Working For the… {Insert Reward Here}

The 1980’s rock band Loverboy’s one-hit wonder has become a sentiment to the nine-to-fivers in the American workforce. “Everybody’s Working for the Weekend” has rung true for a lot of us over the years. You work hard so when Friday afternoon comes along, you can play hard (or Netflix hard). We as a society live under a personal reward system, and a lot of it has to do with how our brains are wired.

Among the necessities for human survival- food, sleep, etc- rewards drive human action. Rewards make us learn as well as bring pleasurable feelings. When we expect a reward, different areas of your brain communicate to our neurons to release dopamine. The reward itself does not do not elicit these responses, but instead the expectation of a reward. Think about when you teach your dog to roll over, enticing them with a treat. It is not eating the dog treat itself that teaches your dog to be motivated to do that action and then store that memory, it is the dopamine release when your dog is expecting the treat. So, now that many people around the world are working from home, in some cases not leaving at all, many feel a lack of motivation. There are a multitude of factors that contribute to this newfound sluggishness. For one, people are not in their normal environment that is designated for the work they do. Also, people are not having in-person contact with their coworkers.

Besides the physical shifts people are experiencing at this moment, there is also a psychological fluctuation occurring.  We can predict that an overwhelming tendency to not complete work as thoroughly as normal is happening due to the lack of our trusty reward system that allows us to persist. Luckily, this disruption can be fixed by implementing incentives to keep us going.
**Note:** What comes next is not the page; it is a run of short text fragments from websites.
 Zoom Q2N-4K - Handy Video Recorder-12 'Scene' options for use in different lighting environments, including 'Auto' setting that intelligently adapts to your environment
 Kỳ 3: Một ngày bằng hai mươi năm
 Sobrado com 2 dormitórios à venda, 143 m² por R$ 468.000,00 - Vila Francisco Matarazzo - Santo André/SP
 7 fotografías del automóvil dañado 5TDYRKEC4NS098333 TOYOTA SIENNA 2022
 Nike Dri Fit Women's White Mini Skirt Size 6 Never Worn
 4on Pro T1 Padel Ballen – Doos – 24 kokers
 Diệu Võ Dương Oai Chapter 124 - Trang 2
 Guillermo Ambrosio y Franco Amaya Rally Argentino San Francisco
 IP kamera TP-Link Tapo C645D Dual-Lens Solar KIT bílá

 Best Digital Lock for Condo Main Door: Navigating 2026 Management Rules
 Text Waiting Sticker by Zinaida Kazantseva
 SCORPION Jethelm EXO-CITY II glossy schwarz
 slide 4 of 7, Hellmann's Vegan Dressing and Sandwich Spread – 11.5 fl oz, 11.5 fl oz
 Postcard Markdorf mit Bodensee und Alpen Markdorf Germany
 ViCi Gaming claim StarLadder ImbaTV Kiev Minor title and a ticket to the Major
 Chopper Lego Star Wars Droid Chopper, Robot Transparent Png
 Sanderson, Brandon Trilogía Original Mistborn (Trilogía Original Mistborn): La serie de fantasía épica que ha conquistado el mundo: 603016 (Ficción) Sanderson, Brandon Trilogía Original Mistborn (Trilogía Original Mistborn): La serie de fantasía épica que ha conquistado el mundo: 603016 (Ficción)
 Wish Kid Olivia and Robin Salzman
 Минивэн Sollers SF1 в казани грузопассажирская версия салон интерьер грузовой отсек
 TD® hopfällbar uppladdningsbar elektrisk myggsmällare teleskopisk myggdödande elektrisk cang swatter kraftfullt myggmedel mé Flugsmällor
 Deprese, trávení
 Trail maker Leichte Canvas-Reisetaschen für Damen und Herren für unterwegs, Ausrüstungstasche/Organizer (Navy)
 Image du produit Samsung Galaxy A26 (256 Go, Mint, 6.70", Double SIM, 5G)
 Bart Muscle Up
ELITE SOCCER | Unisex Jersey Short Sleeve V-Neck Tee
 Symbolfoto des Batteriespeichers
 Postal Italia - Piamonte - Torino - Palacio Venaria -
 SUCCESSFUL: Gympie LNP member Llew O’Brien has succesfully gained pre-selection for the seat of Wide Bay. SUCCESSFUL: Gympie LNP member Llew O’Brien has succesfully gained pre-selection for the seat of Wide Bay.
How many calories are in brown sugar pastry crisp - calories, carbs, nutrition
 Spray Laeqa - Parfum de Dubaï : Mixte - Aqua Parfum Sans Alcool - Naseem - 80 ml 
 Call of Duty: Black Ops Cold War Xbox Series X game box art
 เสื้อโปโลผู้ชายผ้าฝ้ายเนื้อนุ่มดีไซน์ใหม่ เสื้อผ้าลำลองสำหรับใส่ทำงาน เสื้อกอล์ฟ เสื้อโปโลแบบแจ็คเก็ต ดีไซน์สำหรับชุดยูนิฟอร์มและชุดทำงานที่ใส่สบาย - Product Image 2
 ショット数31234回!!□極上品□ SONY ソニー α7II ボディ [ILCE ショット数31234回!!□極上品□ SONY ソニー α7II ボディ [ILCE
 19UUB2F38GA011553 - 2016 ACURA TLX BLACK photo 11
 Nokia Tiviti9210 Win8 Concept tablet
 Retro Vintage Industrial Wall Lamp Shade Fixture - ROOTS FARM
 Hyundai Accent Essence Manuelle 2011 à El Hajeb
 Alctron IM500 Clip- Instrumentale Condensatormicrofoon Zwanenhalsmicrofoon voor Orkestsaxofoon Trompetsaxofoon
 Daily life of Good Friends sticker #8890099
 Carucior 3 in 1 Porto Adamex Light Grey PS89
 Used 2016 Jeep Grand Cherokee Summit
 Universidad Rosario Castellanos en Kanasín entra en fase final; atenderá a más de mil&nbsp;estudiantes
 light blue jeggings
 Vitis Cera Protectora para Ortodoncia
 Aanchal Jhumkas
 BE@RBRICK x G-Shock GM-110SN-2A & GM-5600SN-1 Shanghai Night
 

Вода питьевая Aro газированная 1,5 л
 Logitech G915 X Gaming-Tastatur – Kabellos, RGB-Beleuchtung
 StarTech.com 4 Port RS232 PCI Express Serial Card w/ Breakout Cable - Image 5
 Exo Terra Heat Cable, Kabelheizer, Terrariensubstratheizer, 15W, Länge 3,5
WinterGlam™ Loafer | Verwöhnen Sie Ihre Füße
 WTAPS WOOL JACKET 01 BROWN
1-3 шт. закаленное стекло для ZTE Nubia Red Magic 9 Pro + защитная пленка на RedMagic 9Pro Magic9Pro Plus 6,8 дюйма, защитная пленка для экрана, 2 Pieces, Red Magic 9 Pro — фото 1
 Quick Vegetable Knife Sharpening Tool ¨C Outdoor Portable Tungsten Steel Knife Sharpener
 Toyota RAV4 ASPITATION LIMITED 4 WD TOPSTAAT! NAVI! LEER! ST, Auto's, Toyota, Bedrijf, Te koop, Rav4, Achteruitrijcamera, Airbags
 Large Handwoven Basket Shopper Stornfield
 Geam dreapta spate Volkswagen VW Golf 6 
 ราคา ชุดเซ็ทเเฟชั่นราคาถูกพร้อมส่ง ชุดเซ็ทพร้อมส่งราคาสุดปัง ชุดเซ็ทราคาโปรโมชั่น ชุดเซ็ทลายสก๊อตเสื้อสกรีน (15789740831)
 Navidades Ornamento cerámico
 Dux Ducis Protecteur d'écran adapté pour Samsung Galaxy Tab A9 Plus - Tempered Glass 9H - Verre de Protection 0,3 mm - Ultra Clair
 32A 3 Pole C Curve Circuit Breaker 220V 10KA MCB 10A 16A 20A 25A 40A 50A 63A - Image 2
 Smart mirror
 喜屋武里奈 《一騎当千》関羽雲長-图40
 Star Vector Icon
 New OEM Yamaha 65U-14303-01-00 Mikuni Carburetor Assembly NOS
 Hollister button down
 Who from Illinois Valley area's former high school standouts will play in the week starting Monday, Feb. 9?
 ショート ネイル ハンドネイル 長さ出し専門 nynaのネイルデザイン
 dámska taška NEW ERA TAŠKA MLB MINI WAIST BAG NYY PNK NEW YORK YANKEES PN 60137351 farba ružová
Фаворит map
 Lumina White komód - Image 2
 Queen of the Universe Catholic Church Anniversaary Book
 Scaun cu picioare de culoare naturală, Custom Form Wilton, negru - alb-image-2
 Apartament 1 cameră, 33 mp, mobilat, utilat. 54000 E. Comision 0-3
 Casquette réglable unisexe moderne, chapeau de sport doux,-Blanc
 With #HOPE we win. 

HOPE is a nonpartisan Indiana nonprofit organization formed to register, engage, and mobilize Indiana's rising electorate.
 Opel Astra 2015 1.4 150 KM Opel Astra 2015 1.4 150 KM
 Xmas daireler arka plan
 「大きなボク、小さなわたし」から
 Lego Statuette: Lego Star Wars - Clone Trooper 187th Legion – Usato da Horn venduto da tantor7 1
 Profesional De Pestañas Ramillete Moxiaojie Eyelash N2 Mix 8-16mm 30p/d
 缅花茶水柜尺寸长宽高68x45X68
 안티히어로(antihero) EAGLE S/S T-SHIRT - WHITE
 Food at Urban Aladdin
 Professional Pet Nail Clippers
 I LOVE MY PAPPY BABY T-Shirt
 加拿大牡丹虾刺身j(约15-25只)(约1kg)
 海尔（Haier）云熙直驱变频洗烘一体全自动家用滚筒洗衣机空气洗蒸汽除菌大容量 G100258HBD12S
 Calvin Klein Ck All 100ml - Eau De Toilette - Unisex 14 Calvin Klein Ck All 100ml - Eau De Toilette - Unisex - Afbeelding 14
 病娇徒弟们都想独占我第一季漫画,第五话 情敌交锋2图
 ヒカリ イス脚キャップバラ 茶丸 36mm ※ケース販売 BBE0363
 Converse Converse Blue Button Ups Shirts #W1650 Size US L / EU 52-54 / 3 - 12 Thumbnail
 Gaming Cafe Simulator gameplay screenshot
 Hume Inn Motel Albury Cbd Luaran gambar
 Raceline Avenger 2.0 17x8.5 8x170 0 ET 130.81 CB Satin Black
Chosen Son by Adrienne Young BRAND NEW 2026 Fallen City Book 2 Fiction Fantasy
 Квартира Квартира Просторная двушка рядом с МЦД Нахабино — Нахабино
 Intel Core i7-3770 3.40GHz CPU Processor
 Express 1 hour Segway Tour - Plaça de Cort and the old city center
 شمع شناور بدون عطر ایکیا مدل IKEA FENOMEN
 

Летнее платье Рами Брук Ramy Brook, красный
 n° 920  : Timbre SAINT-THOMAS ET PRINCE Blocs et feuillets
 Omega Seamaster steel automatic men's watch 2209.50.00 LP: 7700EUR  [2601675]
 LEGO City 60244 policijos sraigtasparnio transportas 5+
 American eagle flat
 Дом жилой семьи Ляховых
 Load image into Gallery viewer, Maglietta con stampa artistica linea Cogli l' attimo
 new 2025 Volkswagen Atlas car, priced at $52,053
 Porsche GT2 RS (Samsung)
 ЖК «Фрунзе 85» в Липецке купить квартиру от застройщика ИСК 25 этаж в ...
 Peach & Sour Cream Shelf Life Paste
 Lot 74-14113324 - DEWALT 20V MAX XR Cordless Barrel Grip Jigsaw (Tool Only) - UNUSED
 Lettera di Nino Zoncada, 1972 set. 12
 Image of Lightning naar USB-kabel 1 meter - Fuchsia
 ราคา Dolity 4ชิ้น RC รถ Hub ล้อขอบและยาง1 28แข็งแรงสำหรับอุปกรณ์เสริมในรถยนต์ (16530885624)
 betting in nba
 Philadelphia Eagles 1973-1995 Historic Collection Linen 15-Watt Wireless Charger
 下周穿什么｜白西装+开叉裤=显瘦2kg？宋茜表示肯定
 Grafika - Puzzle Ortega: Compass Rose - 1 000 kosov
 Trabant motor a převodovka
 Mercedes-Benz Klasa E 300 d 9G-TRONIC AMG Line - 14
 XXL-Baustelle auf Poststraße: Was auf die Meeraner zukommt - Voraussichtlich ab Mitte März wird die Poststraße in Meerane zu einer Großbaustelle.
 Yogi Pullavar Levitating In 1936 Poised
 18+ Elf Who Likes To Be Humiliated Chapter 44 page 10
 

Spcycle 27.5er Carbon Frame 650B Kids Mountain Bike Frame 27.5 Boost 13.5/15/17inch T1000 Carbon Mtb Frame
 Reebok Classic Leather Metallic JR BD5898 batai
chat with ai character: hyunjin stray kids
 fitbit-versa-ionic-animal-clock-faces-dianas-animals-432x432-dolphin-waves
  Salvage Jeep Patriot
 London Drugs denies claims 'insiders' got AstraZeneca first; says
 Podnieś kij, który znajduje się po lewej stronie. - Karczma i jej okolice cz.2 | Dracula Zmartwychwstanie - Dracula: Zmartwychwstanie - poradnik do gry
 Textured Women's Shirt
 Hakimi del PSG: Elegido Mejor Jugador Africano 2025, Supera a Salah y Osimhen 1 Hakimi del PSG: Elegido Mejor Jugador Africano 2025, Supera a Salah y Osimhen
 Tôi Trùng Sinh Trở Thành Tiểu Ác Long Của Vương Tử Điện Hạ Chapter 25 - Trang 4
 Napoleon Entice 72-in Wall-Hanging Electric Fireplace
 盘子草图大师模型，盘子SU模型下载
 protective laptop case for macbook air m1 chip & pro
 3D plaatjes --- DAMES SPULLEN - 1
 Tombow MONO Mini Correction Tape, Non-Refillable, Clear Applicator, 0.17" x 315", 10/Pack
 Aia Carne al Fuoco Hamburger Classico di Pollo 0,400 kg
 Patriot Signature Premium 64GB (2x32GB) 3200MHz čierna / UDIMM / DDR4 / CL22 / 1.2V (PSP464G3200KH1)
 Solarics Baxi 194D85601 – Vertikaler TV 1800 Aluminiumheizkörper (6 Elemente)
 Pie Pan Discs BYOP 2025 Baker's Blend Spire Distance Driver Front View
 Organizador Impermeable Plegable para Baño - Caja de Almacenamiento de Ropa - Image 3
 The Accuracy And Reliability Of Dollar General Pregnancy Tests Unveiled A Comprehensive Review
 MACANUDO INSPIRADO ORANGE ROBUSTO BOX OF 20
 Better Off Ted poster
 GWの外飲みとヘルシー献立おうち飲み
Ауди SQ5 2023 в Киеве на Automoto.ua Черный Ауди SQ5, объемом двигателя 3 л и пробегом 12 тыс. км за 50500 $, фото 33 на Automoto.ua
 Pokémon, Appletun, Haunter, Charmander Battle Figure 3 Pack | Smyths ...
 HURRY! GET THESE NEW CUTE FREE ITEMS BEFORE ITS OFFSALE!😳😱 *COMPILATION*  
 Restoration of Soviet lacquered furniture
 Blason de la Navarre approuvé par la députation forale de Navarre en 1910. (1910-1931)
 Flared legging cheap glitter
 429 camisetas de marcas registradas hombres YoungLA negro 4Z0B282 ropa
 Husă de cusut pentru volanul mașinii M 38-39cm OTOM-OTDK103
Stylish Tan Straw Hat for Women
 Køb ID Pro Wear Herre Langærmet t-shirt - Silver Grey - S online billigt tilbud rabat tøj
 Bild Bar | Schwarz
Here are a few examples that will be sure to get your reward system activated and release that dopamine.

https___blogs-images.forbes.com_manondefelice_files_2018_06_beverage-computer-flower-948888-1200x907.jpgPHOTO BY RAWPIXEL.COM FROM PEXELS

1. Make a List

List your activities and tasks for the day, ranging from how much you enjoy the task as well as the time/effort required to complete each. It can help to complete your most challenging task first. During this unprecedented time, we are finding that the morning is most conducive to completing tasks. If you enjoy reading, implement that into your daily routine. Having small rewards throughout your day will make those bigger tasks seem less daunting and you’ll be more inclined to complete them.

2. Plan Your Weekends

Start planning at-home activities for your weekend. Planning theme nights or cooking favorite meals with your family or whoever you’re quarantining with will create some stress-free fun. We tend to feel lost and inactive when we don’t have an agenda of even things we enjoy. Bigger events on your weekend calendar will keep you plugging through the workdays.

3. Look Ahead

In a time when we are all yearning for normalcy, it can be beneficial to reflect on the aspects of your daily life that you took for granted now that they’re put on pause. It is important to look towards the future of post-quarantine and plan for what you want to accomplish or experience, but for the meantime, try and make a list of goals for quarantine. Have you always wanted to try yoga? Or, has the daunting stacks of clothes in your closet been hanging over your head? Now is the perfect time to complete these at-home ambitions. Then, when normal life resumes, you can go into it with all your spring cleaning in the rear-view.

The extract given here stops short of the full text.